§ SUPPLIED DATA
****

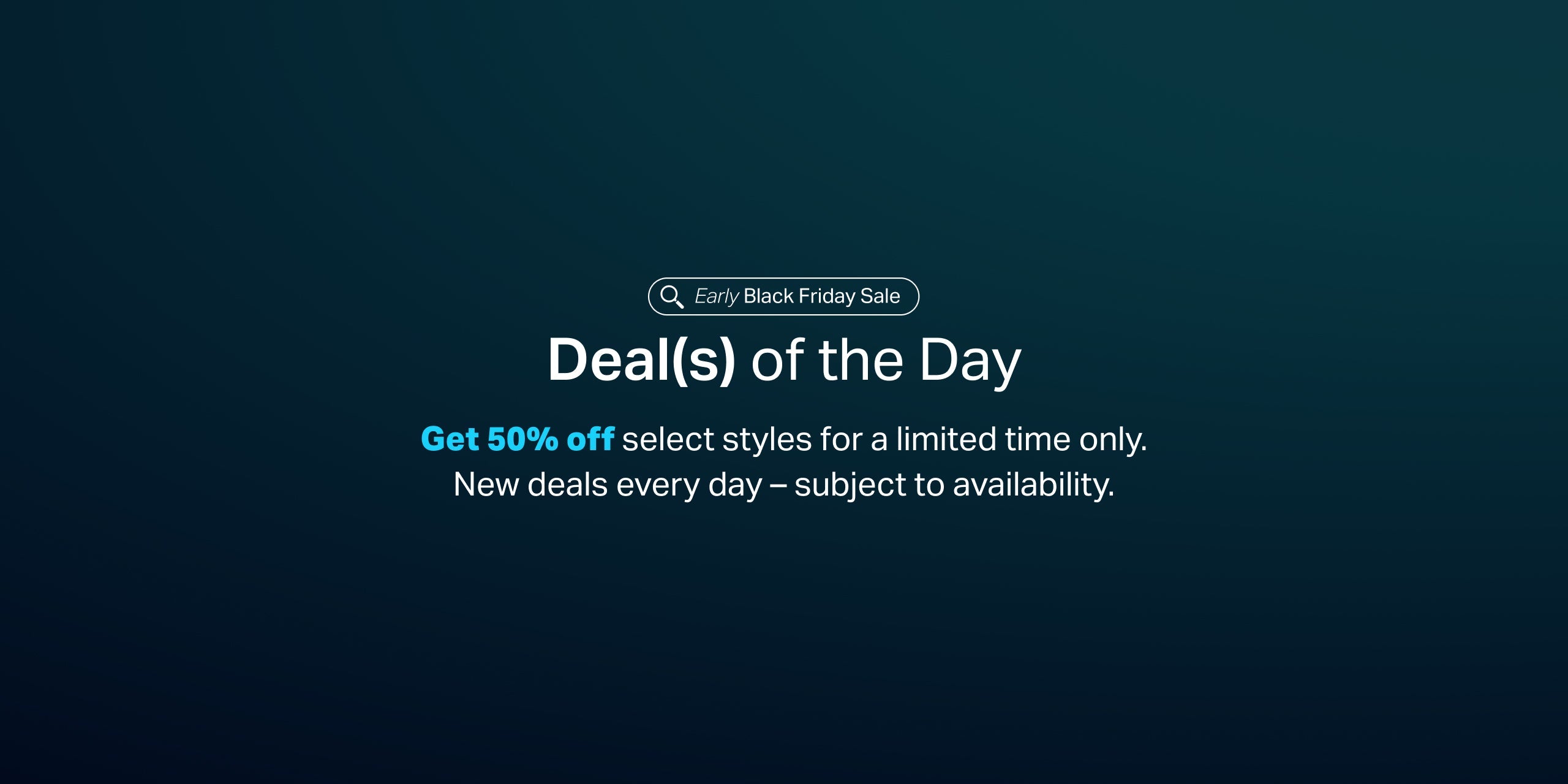 Deal of the day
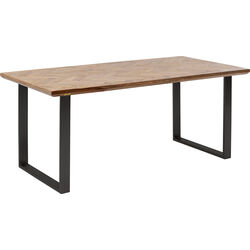 Table Parquet noir 180x90cm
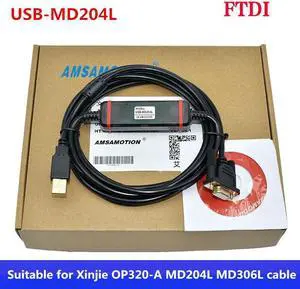 For Suitable Xinjie OP320-A MD204L MD306L Touch Screen Programming Cable USB-MD204L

****

§ WHAT YOU HAVE TO DO
Would you write out all of the data exactly as it stands, without the pictures?

§ RESULT
 Deal of the day
 Table Parquet noir 180x90cm
 For Suitable Xinjie OP320-A MD204L MD306L Touch Screen Programming Cable USB-MD204L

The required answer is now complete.